Task details
Your answer must be every line below, repeated exactly.

-------- Supplied material --------

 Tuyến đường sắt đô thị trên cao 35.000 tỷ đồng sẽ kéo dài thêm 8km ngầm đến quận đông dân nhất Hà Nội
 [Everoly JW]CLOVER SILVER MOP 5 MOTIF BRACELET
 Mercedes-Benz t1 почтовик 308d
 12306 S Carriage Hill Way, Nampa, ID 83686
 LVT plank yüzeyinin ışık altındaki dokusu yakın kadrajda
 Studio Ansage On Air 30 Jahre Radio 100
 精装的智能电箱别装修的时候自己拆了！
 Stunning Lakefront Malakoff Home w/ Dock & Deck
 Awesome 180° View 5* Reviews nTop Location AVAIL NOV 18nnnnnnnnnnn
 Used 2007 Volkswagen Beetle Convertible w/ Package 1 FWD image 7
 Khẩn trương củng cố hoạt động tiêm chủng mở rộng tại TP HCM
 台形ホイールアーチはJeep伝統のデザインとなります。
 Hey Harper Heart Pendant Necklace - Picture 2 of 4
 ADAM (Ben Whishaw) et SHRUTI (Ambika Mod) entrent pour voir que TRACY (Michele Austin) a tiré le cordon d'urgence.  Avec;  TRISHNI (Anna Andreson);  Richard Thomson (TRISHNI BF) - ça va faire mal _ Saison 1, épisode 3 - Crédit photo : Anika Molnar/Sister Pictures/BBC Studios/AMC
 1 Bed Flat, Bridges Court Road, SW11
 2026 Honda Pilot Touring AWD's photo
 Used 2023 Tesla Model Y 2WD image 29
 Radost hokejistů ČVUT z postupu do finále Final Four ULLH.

--------

Output
 Tuyến đường sắt đô thị trên cao 35.000 tỷ đồng sẽ kéo dài thêm 8km ngầm đến quận đông dân nhất Hà Nội
 [Everoly JW]CLOVER SILVER MOP 5 MOTIF BRACELET
 Mercedes-Benz t1 почтовик 308d
 12306 S Carriage Hill Way, Nampa, ID 83686
 LVT plank yüzeyinin ışık altındaki dokusu yakın kadrajda
 Studio Ansage On Air 30 Jahre Radio 100
 精装的智能电箱别装修的时候自己拆了！
 Stunning Lakefront Malakoff Home w/ Dock & Deck
 Awesome 180° View 5* Reviews nTop Location AVAIL NOV 18nnnnnnnnnnn
 Used 2007 Volkswagen Beetle Convertible w/ Package 1 FWD image 7
 Khẩn trương củng cố hoạt động tiêm chủng mở rộng tại TP HCM
 台形ホイールアーチはJeep伝統のデザインとなります。
 Hey Harper Heart Pendant Necklace - Picture 2 of 4
 ADAM (Ben Whishaw) et SHRUTI (Ambika Mod) entrent pour voir que TRACY (Michele Austin) a tiré le cordon d'urgence.  Avec;  TRISHNI (Anna Andreson);  Richard Thomson (TRISHNI BF) - ça va faire mal _ Saison 1, épisode 3 - Crédit photo : Anika Molnar/Sister Pictures/BBC Studios/AMC
 1 Bed Flat, Bridges Court Road, SW11
 2026 Honda Pilot Touring AWD's photo
 Used 2023 Tesla Model Y 2WD image 29
 Radost hokejistů ČVUT z postupu do finále Final Four ULLH.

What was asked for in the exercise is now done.